Hitherto interim guardianship has been limited to three months. Sheriffs will be able to grant interim guardianships for three months or for a longer period up to a maximum of six months.

The discharge powers of the Public Guardian in relation to financial guardianships under s 72(1) of the Incapacity Act are extended to include cases where the guardianship order has expired. The recall powers of the Mental Welfare Commission under s 73(3) of the Incapacity Act will now be limited to mental disorder cases. A new procedure is created for recall of guardianship by the local authority where the chief social work officer is guardian.
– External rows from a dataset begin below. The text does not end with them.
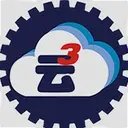 ��������ͨ����8.4.1.1 ���°�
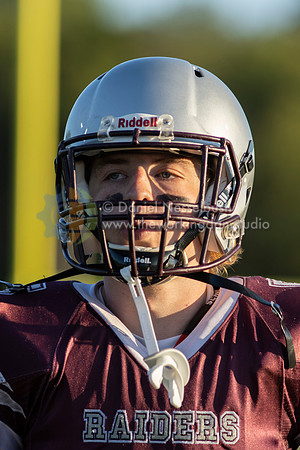 Newfane-Eden-football_9-1-2023_1528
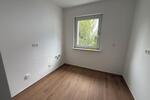 Etagenwohnung Wiesbaden Biebrich - 4 Zimmer, 82 m&sup2;, 1.350&euro; | Angebot:26251576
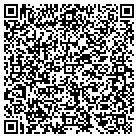 QR code with Interstate Show Case Str Fixs contacts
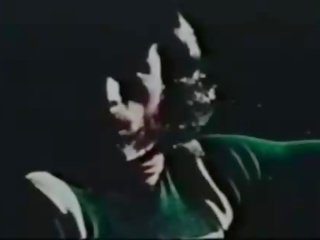 葡萄收穫期 口交 同 射精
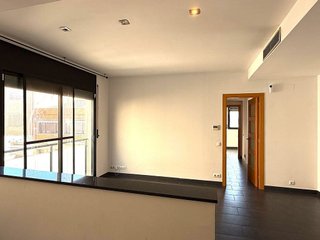 Piso en venta en Sant Vicenç dels Horts
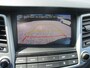Hyundai Tucson 1.6 GDi Comfort Anniversary Edition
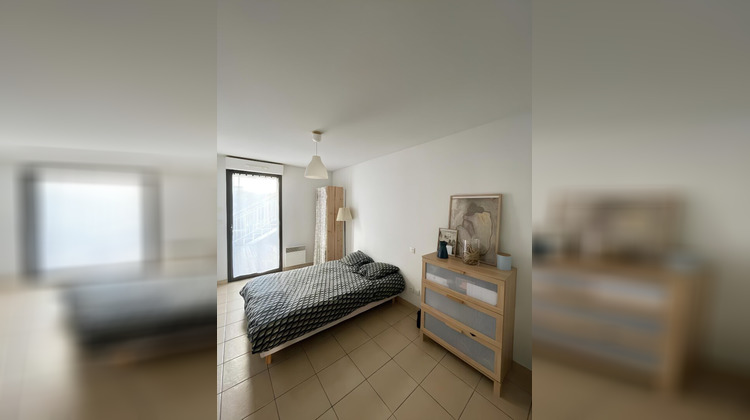 Ma-Cabane - Vente Appartement Bordeaux, 66 m²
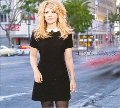 Alison Krauss – Windy City (neuw. Deluxe CD mit BonusTracks)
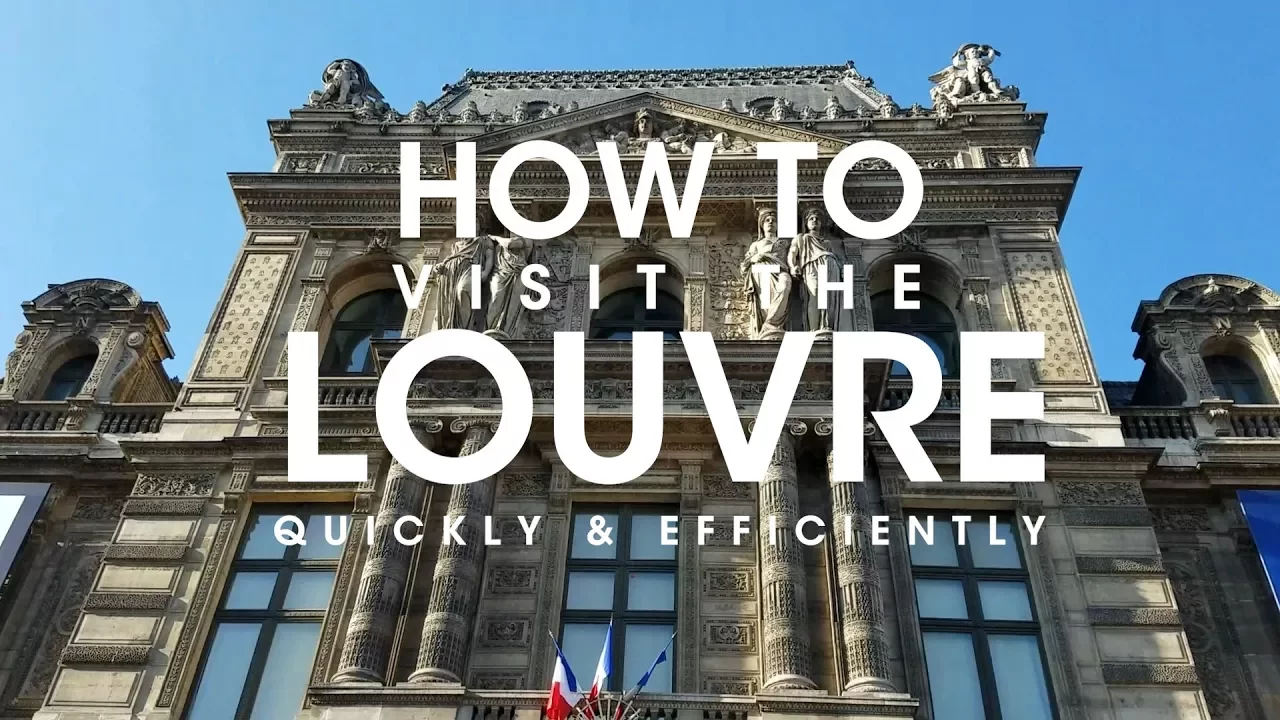 David and Goliath (2023) – Anne Margrethe Art, image size:1280x720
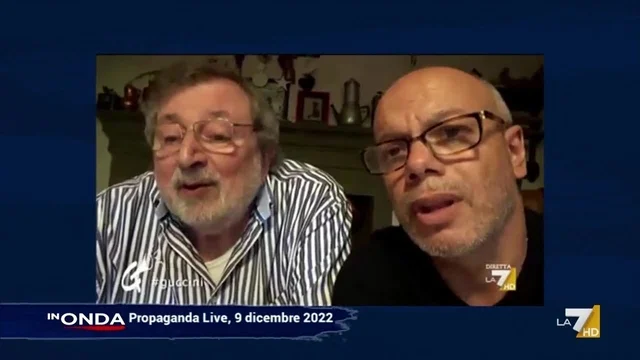Addio a Francesco Guccini, il ricordo di una delle voci più autentiche della cultura italiana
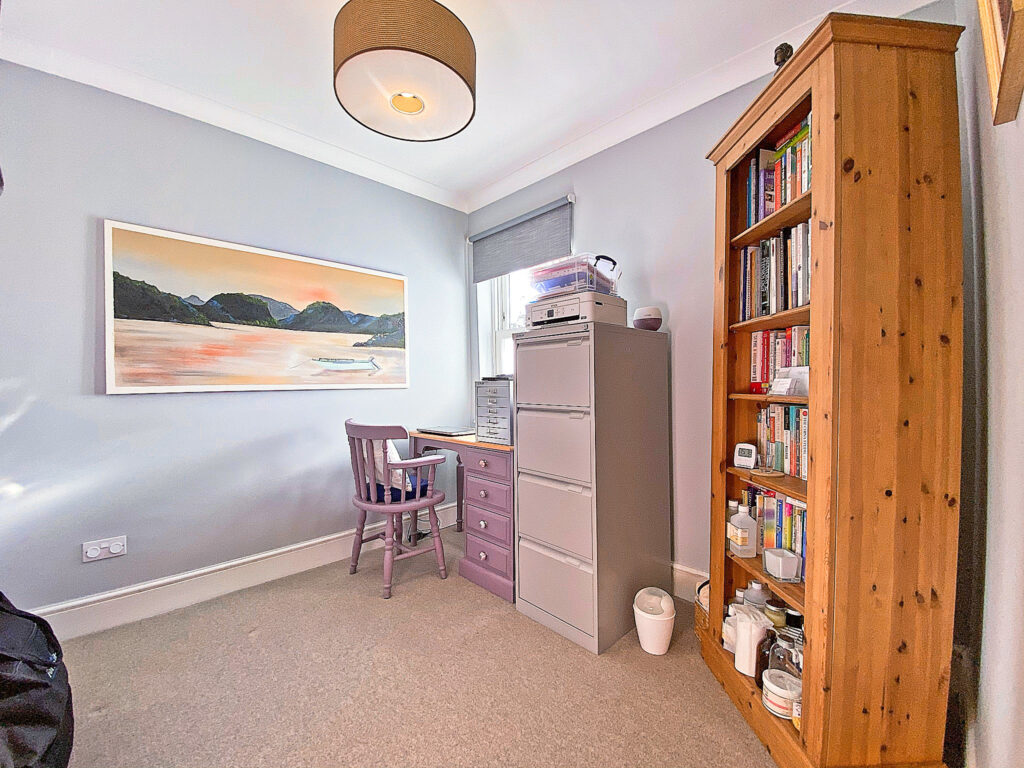 Property Image_9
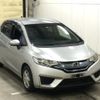 honda fit 2014 -HONDA--Fit GP5-3056285---HONDA--Fit GP5-3056285- image 1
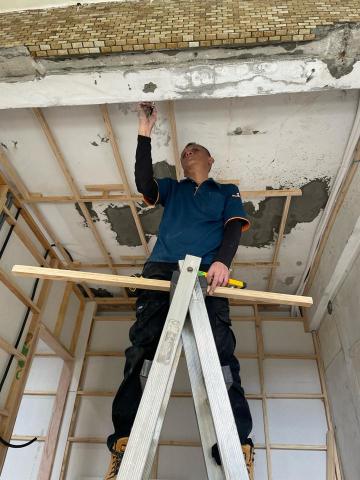 飛宏冷氣空調 - 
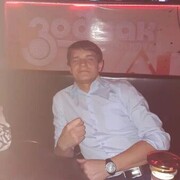  -,   , 36 ,   ,   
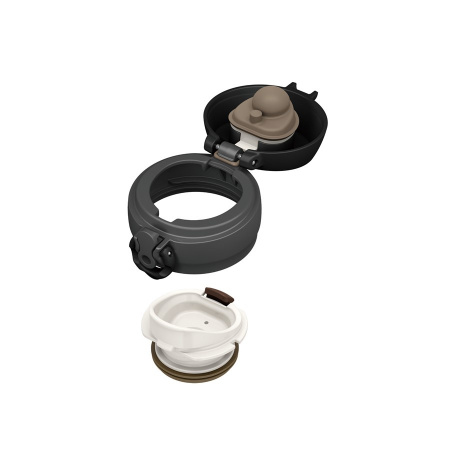 Термокружка Thermos JNL-754 PBK 0,75 л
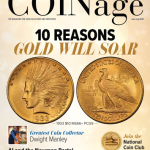 CA-Cover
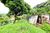 Terreno, 1000 m² - Foto 3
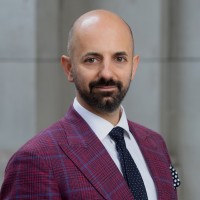 Paolo Aversa Email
Where a guardian dies, the guardian’s personal representative – if aware of the guardianship – will be required to notify the Public Guardian, who in turn will require to notify the adult, the local authority and (in mental disorder cases) the Mental Welfare Commission; to register particulars; and to issue a fresh certificate to any surviving joint guardian, and/or to any substitute guardian.

Medical consent

An error in the Incapacity Act regarding consent by guardians, attorneys etc has been rectified, though only after the Society pointed out that the original drafting of the bill would have made matters worse. Consent by guardians etc will now be excluded only by regulations expressly excluding particular treatments (not by regulations mentioning them, whether to exclude or include).

    Adrian D Ward is convener of the Society’s Mental Health and Disability Committee and author of Adult Incapacity, published by W Green


The 2007 Act, by amendment at a late stage of procedure, introduced into the 1968 Social Work (Scotland) Act a new method of authorising certain welfare interventions which has direct relevance to practice under the Incapacity Act, because it introduces a new situation in which guardianship (or an intervention order) may no longer be required when such an order might well have been required previously. This follows much debate and discussion about “When to invoke the Act?”
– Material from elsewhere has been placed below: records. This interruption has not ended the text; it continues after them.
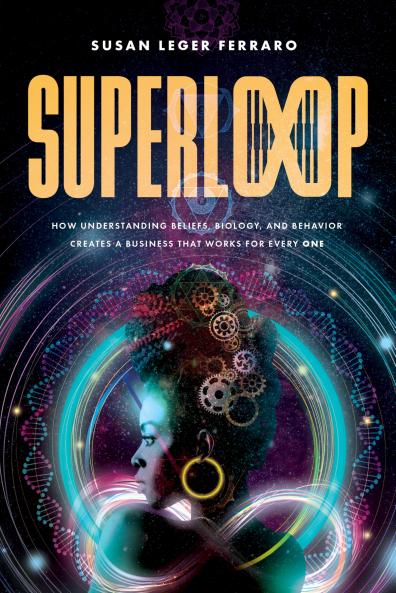 SuperLoop (Second Edition)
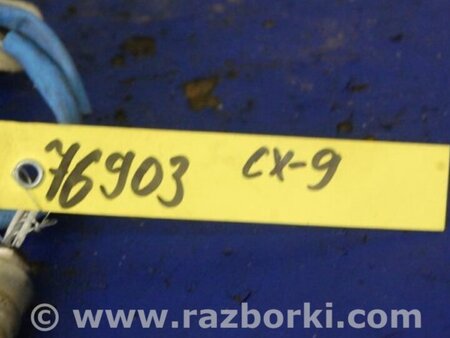 ФОТО Лямбда зонд для Mazda CX-9 TB (2007-2016) Киев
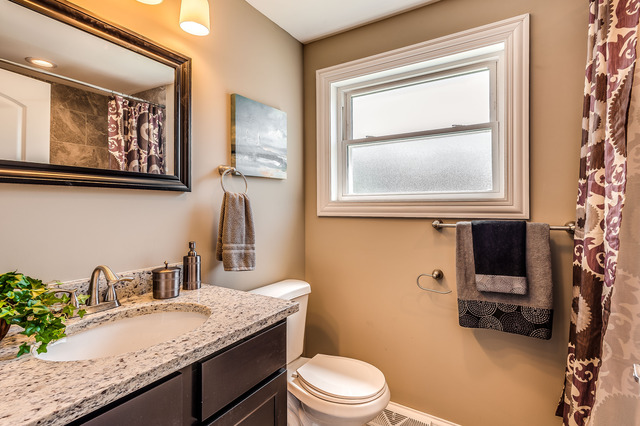 130 E 93rd St, Chicago, IL 60619 photo 13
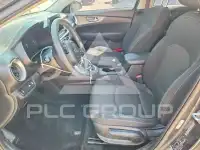 2020 KIA Forte фото
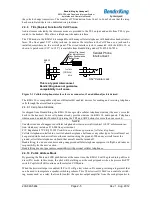 Preview for 12 page of Honeywell Bendix/King KMA 30 Manual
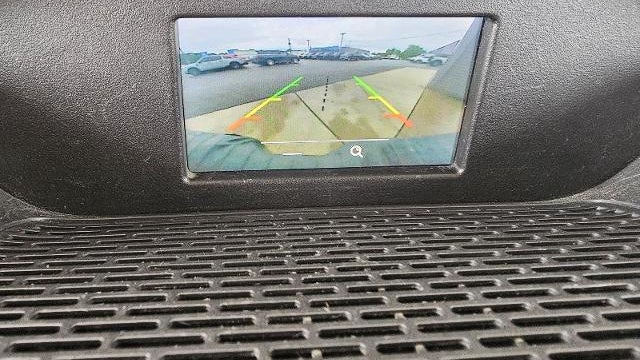 2017 Ford Transit 150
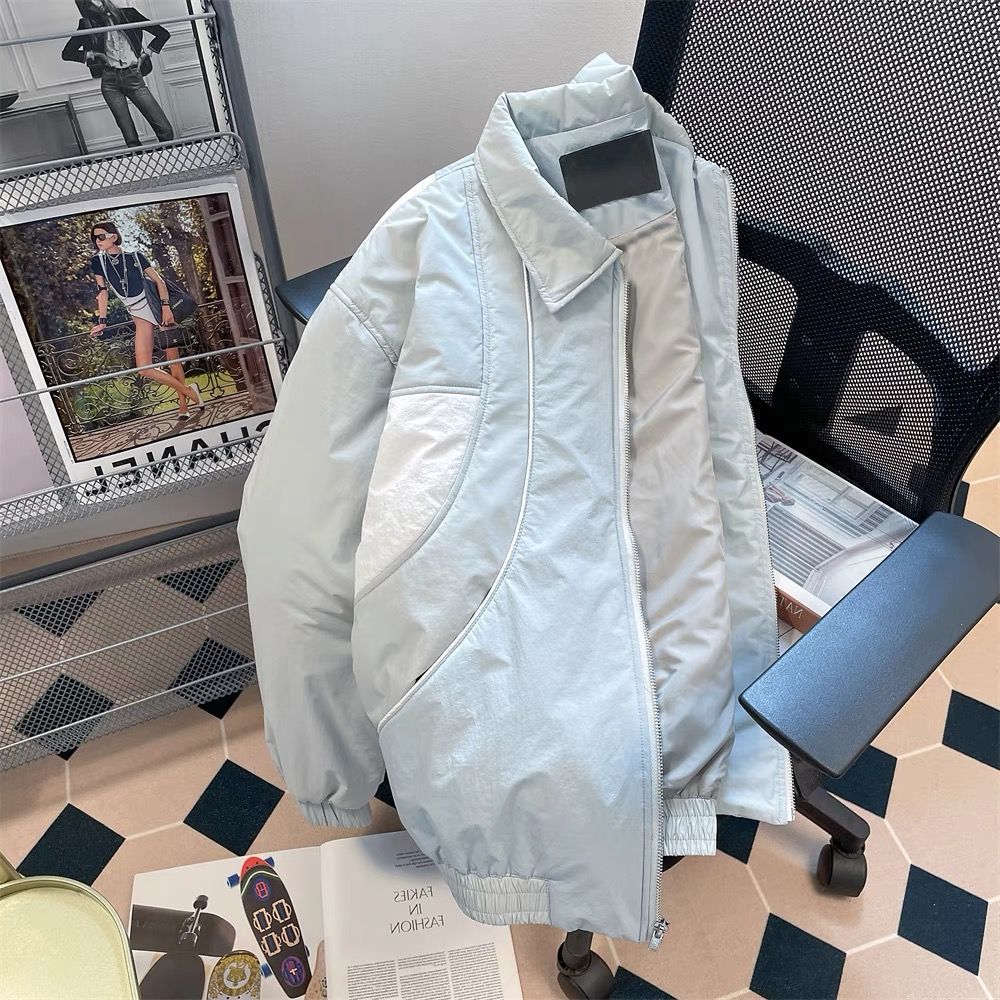 Added Product
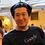 samuelgoto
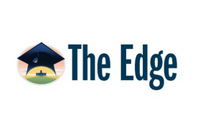 The Edge: Putting ‘Digital Equity’ Into the Equation on EdTech Deals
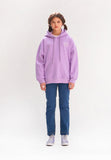 ユベスコ(UBESCO) DREAMING HOODIE 4COLOR MSHD8075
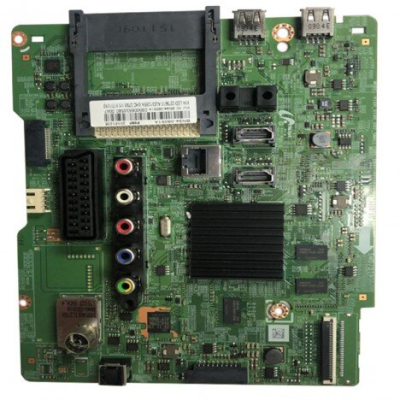PLACA MAIN BN41-02148 SAMSUNG UE22H5610AW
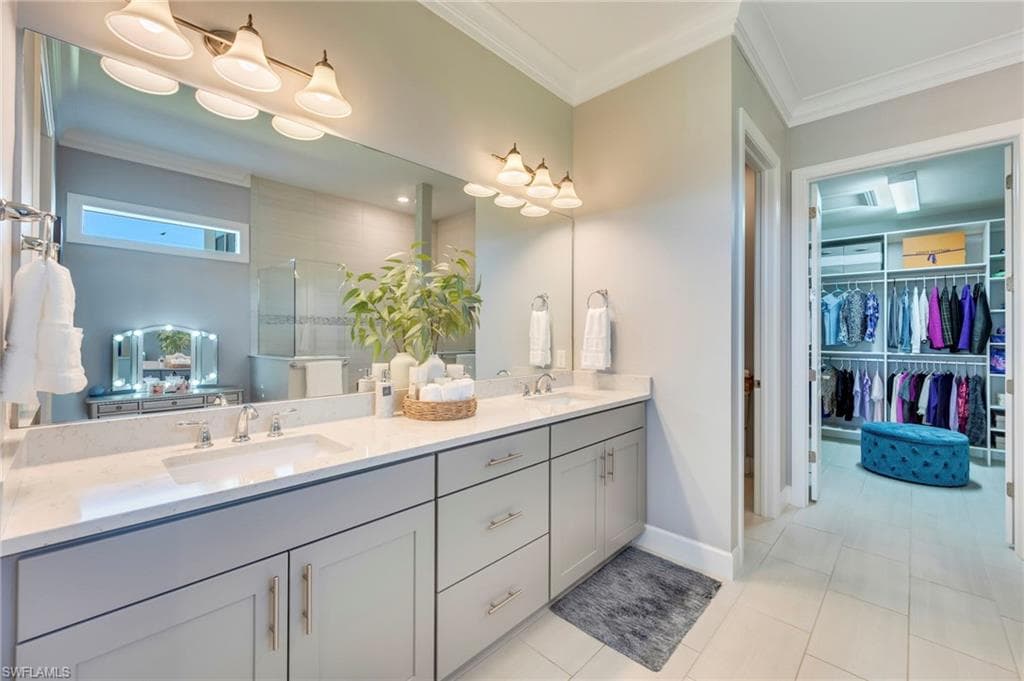 17920 Pratt Ct, Estero, FL 33928-26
(i.e. the Incapacity Act), a topic which could occupy a lengthy article in itself.

The new provision applies where a local authority has decided that an adult’s needs call for provision of a community care service and the adult is incapable in relation to decisions about the service. In that situation the local authority “may take any steps which they consider would help the adult to benefit from the service”, including (without prejudice to that generality) moving the adult to residential accommodation provided under the 1968 Act. The first four principles in s 1 of the Incapacity Act apply. The authority under the 1968 Act is disapplied where a guardian or welfare attorney has relevant powers, an intervention order has been granted relating to the proposed steps, or an application has been made (but not yet determined) for an intervention or guardianship order relating to the proposed steps.
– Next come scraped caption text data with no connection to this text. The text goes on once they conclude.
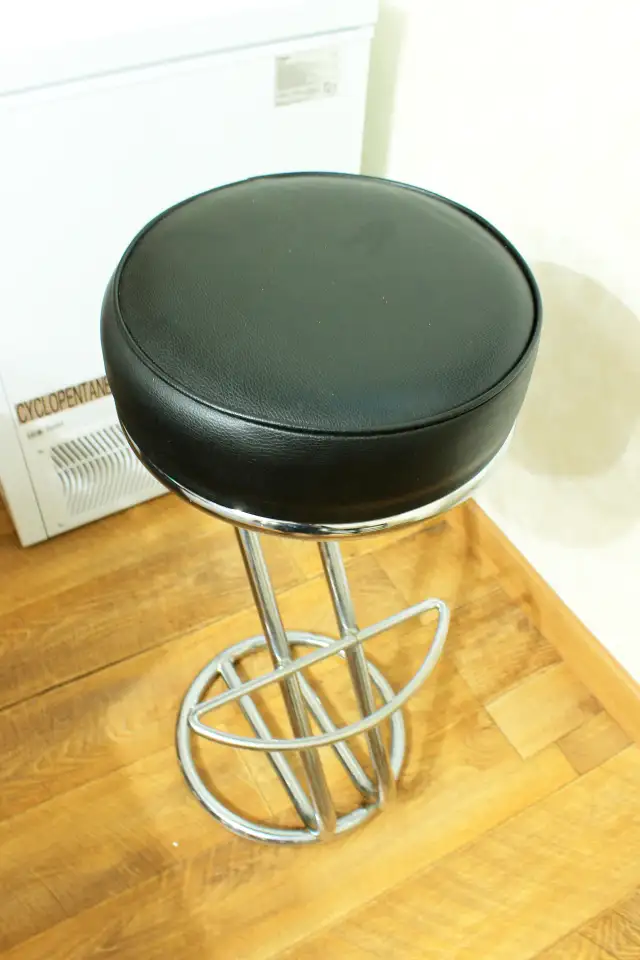 Продам барный стул, фотография 1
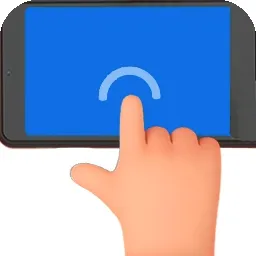 ��Ϸ�ű�������������Ѱ�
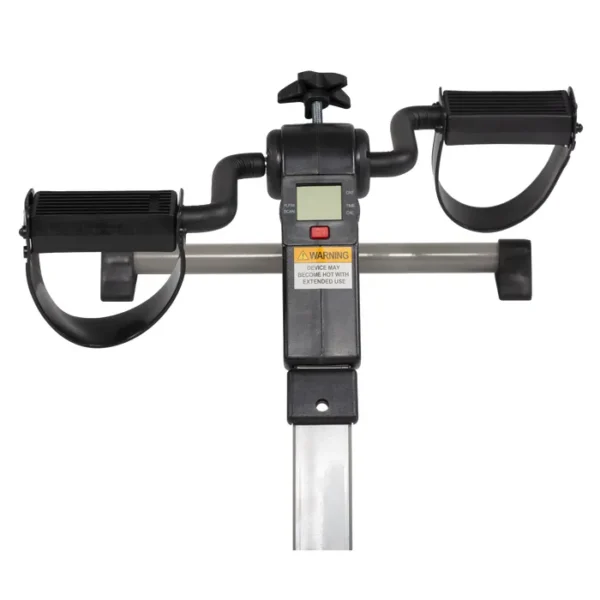 Digital Pedal Exerciser - Image 2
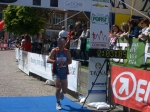 056-rizzo_silvano.jpg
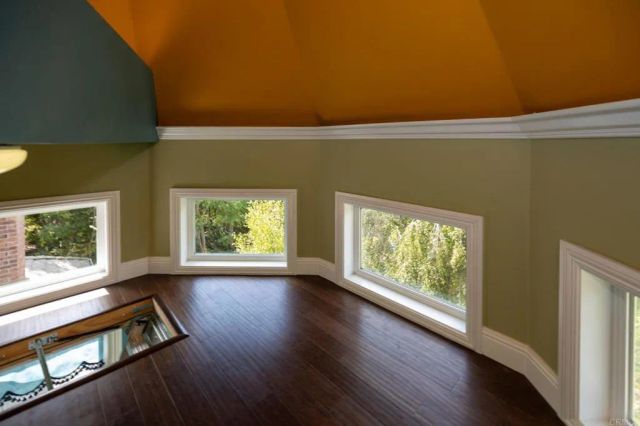3352 Via Zara, Fallbrook, CA 92028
This section will require to be read along with s 5 of the 1968 Act, which requires local authorities to act under the general guidance of Scottish Ministers and to comply with their directions. The relevant guidance is entitled “Guidance for Local Authorities (March 2007) Provision of community care services to adults with incapacity”. It sets out procedures and criteria which in effect permit use of this new procedure under the 1968 Act only in situations which are genuinely non-controversial, and where the adult is entirely compliant. It would appear to follow from this that it will never be appropriate for a sheriff to refuse an application under Part 6 of the Incapacity Act on the grounds that the new procedure under the 1968 Act is available, because under the guidance the 1968 Act procedure will be inapplicable where there is such disagreement as results in someone who claims an interest making application under Part 6.